Since Galileo discovered the isochronic property of the pendulum, they have been the world's most accurate timekeeping technology until the 1930s. This could NOT be so if the angle of the swing would vary the frequency.
Wider swings do NOT take longer, unless you are comparing a swing of 1 degree v. 179 degrees. Then, the variation in period or frequency is really influenced more by friction in the bearing and air friction.
Clocks, use relatively low angle pendulum swings, so these factors are kept at a minimum as there is less movement. The only reason a clock's pendulum may have a higher mass, is to take advantage of Newton's First Law of Motion to overcome as much of the friction to keep it moving as long as posible. The addition, or subtraction of mass will NOT change the frequency of the pendulum.
The period of swing of a simple gravity pendulum depends on its length, the local strength of gravity, and to a small extent on the maximum angle that the pendulum swings away from vertical, called the amplitude.
It is independent of the mass of the bob.
If the amplitude is limited to small swings, the period T of a simple pendulum, the time taken for a complete cycle, is a function of the length of the pendulum and gravity.
For small swings, the period of swing is approximately the same for different size swings: that is, the period is independent of amplitude.
This property, called isochronism, is the reason pendulums are so useful for timekeeping.
Successive swings of the pendulum, even if changing in amplitude, take the same amount of time.
http://en.wikipedia.org/wiki/Christiaan_Huygens
For small swings, the effect is quite small and could be ignored in a weight driven clock, whose pendulum swings are reasonably constant and therefore unvarying. For spring driven clocks, where the swing gets smaller and smaller as the spring unwinds, the effect was bad enough that a fusee was added to the finest movements to keep the driving force, and therefore pendulum swing, as constant as possible. Cheaper spring driven clocks weren't very accurate anyway, and the recoil escapement used in those movements tended to drive the pendulum faster when wound tight, which partially compensated for the wider (slower) swings of the pendulum. Not that it really mattered in that era, as people set their clocks daily anyway, to a sundial or the town clock bell.....
Cheers,
Chris
"The frequency of the pendulum is dependent on the length of the string or wire. The shorter the wire, the greater the frequency or how fast it goes back and forth.

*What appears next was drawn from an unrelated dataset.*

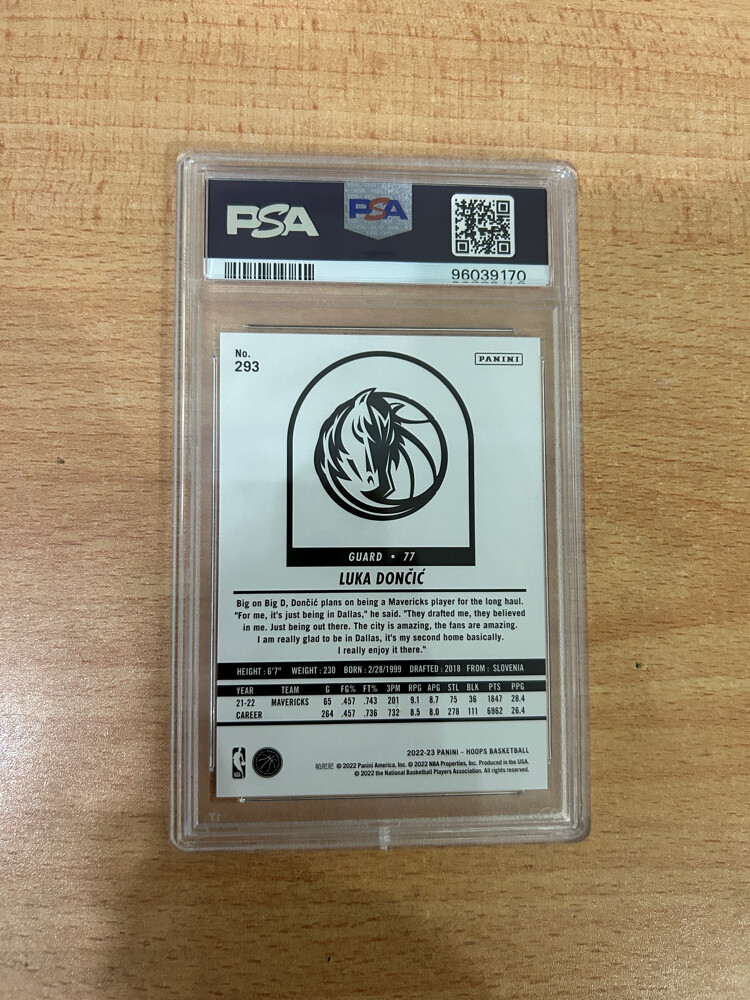 Luka Dončić 01/25 Artist Proof - 3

The frequency is independent of the amplitude of the swing, provided the initial angle is not large. At larger angles, there is a slight change in the frequency.
Also, the frequency is independent of the mass of the bob. In other words a pendulum with a heavy bob will move at the same rate as one with a lighter weight bob. But this only makes sense, since the acceleration of gravity on a falling object is independent of the mass of the object."
See:
http://www.school-for-champions.com/science/pendulum.htm